▽

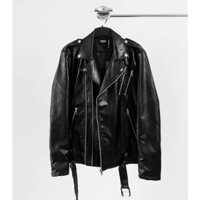 Áo khoác da BIker ( ảnh thật )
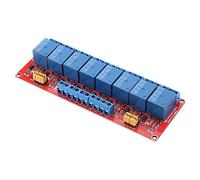 Modulo Relè 12V, Akozon Scheda Modulo Relè a 8 Canali con Isolamento a Optoisolatore, Modulo Relè a Trigger Alto e Basso con Fori per Bulloni di Fissaggio(12V)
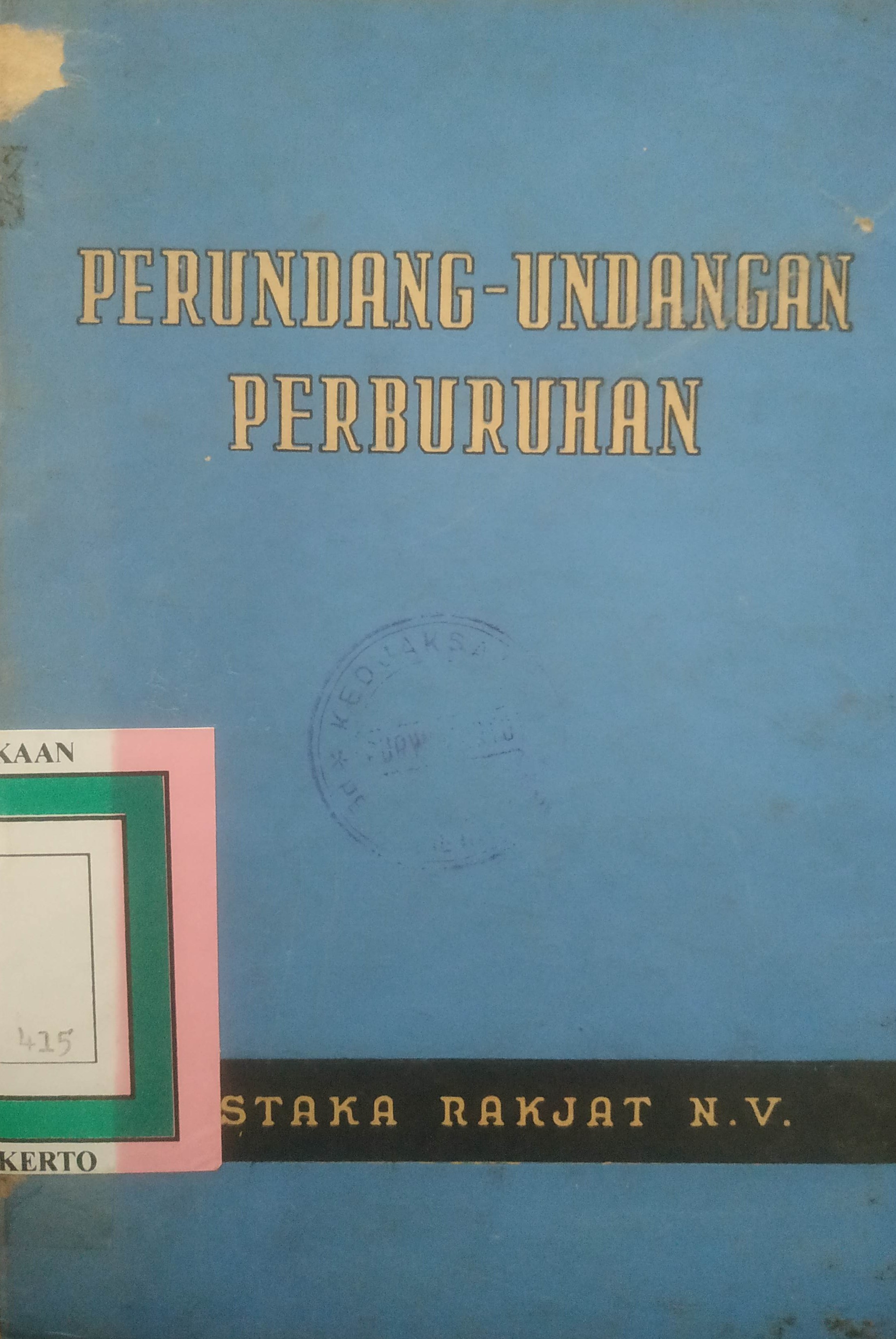 Cover Perundang-undangan Perburuhan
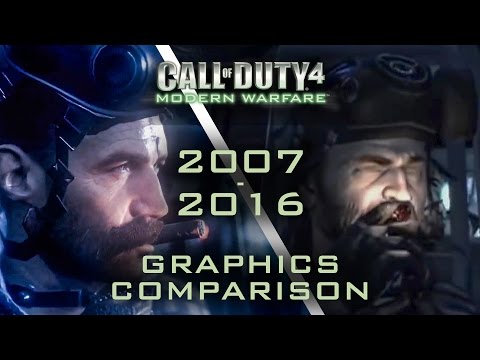 [4K 60fps] Call of Duty 4 MW vs Remastered (FRAME 2 FRAME GRAPHIC COMPARISON)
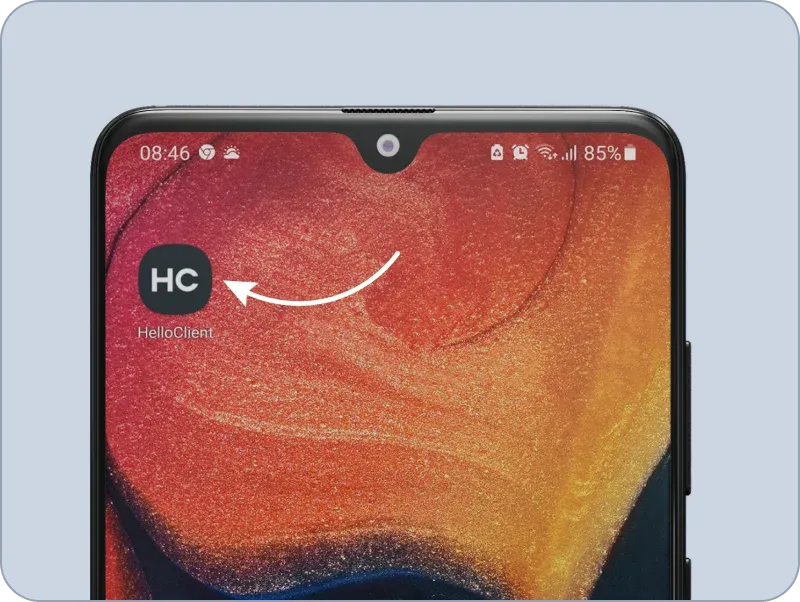 Installing HelloClient mobile app on Android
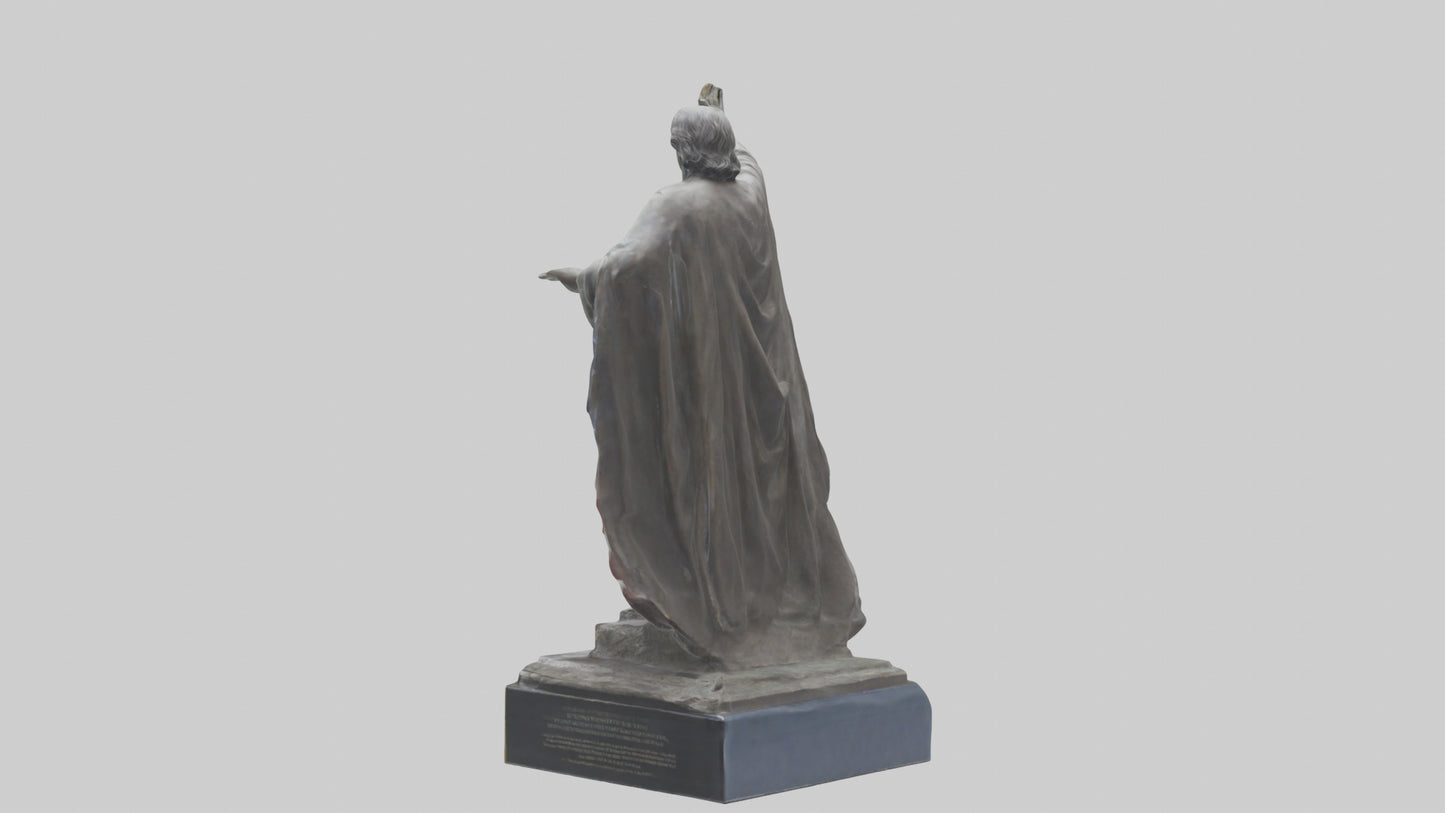 3D model Freedom from Fear statue model VR / AR / low-poly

△

▸ What the task requires
The copy must start at the line containing "Installing HelloClient mobile app on Android" and end at the last line of the records, matching each line exactly and holding no pictures.

▸ Exercise response
 Installing HelloClient mobile app on Android
 3D model Freedom from Fear statue model VR / AR / low-poly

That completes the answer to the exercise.